Active Control of Probability Amplitudes in a Mesoscale System via Feedback-Induced Suppression of Dissipation and Noise
Chaitanya Gupta, Aldo Pe\~na Perez, Sean Fischer, Stephen Weinreich,, Boris Murmann, Roger T. Howe

TL;DR
This paper presents a feedback mechanism that reduces dissipation and noise in quantum systems, maintaining coherence and enabling better control over electronic excitation transfer processes.
Contribution
It introduces a classical feedback approach to suppress environmental dissipation in quantum systems, preserving interference and spectral coherence during excitation transfer.
Findings
Feedback reduces dissipation in quantum systems.
Spectral coherence is maintained through negative feedback.
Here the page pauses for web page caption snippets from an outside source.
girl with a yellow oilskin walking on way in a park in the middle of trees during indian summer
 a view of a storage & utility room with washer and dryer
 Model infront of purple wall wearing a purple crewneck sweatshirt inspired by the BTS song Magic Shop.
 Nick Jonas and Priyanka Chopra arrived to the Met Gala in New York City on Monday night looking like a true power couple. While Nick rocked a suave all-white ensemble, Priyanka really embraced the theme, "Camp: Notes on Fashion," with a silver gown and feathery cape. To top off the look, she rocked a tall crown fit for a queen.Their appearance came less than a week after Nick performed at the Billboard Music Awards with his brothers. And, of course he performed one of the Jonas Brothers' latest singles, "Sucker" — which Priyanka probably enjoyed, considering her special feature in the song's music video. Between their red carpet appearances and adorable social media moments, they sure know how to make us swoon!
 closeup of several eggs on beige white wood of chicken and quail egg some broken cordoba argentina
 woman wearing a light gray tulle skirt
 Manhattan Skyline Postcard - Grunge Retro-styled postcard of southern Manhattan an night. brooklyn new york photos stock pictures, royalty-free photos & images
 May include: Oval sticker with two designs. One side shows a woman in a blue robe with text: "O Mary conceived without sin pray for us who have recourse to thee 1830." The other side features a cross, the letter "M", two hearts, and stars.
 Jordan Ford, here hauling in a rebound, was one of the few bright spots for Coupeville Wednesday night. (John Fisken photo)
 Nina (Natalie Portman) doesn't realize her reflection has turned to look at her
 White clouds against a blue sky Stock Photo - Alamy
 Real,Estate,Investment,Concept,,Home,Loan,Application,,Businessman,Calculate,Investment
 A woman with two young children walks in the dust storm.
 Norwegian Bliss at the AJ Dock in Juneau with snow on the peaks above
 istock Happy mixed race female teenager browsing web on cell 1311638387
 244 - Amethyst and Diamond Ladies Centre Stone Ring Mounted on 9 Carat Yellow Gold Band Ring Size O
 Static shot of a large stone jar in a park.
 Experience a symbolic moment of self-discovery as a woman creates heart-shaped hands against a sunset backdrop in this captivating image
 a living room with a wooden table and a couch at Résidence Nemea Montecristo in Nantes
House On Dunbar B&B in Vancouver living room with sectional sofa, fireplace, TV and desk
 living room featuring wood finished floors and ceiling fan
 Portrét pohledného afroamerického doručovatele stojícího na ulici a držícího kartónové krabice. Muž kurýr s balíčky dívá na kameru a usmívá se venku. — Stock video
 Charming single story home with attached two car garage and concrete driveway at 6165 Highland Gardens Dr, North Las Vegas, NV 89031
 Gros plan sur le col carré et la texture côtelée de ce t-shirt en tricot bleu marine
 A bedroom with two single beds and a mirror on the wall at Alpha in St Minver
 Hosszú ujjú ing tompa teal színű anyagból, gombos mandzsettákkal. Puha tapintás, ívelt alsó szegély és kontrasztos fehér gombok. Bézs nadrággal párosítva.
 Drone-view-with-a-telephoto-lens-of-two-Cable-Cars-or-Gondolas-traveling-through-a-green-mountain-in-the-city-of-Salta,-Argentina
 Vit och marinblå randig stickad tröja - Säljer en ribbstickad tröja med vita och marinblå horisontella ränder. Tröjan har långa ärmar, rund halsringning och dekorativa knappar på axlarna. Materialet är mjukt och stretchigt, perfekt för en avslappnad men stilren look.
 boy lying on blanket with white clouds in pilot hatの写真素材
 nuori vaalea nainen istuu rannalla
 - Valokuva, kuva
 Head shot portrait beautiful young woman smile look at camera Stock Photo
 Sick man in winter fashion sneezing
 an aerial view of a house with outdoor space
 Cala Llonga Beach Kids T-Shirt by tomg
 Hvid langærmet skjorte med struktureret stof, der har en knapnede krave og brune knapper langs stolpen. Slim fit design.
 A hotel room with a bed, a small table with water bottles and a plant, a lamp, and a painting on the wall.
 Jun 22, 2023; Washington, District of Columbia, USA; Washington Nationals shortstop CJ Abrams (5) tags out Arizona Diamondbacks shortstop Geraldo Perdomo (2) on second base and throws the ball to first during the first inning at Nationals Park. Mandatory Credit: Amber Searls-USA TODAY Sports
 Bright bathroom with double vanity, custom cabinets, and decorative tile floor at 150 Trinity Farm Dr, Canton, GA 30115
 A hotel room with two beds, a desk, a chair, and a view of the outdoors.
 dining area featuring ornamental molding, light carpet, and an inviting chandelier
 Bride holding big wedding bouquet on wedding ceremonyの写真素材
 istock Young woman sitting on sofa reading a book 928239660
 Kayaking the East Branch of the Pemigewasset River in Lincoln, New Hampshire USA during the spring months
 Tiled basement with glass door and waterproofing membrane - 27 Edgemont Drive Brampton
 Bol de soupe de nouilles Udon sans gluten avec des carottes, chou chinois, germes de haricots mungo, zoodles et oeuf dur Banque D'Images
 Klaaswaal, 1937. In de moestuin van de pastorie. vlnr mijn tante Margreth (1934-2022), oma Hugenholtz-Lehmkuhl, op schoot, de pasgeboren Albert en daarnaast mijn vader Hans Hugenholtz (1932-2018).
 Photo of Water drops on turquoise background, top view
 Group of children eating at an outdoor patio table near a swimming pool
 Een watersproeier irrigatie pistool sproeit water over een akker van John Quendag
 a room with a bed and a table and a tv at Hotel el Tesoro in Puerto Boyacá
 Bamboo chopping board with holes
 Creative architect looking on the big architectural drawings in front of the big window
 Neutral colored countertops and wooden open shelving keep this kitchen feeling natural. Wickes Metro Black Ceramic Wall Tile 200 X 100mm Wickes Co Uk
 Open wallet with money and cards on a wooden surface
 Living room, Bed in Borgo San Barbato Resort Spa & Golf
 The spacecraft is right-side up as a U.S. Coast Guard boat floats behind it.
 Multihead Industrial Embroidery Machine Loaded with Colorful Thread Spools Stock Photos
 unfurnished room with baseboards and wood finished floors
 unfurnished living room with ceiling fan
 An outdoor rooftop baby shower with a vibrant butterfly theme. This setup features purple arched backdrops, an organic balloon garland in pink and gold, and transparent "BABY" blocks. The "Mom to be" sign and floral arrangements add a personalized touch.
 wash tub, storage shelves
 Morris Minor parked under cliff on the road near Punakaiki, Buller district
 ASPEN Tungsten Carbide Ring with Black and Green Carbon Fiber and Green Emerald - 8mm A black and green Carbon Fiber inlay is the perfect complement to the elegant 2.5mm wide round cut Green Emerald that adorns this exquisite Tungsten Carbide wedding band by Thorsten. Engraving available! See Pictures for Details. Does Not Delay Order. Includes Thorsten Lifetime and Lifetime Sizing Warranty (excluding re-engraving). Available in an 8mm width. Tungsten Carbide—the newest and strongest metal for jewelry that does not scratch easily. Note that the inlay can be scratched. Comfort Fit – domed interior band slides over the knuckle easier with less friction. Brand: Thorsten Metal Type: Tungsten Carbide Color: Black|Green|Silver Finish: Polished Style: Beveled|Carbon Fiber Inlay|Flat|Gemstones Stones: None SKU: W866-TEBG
Decoupled vibronic channels serve as probes for system characterization.
Abstract
We introduce a classical potentiostatic feedback mechanism that attenuates the dissipation in a quantum system arising from coupling to the surrounding thermodynamic bath, preserving the inter-state interference in an electronic excitation transfer (EET) process. A three-terminal potentiostat device applies a low-noise voltage bias to the terminals of the EET system and reduces the physical coupling between the quantum system and its environment. We introduce a classical equivalent circuit to model the environment-coupled excitation transfer in an elementary two-state system. This model provides qualitative insight into how classical feedback action affects the transition probabilities between the states and selectively reduces the dissipative coupling for one of the vibronic energy levels of the transfer system. Furthermore, we show that negative feedback results in persistent spectral…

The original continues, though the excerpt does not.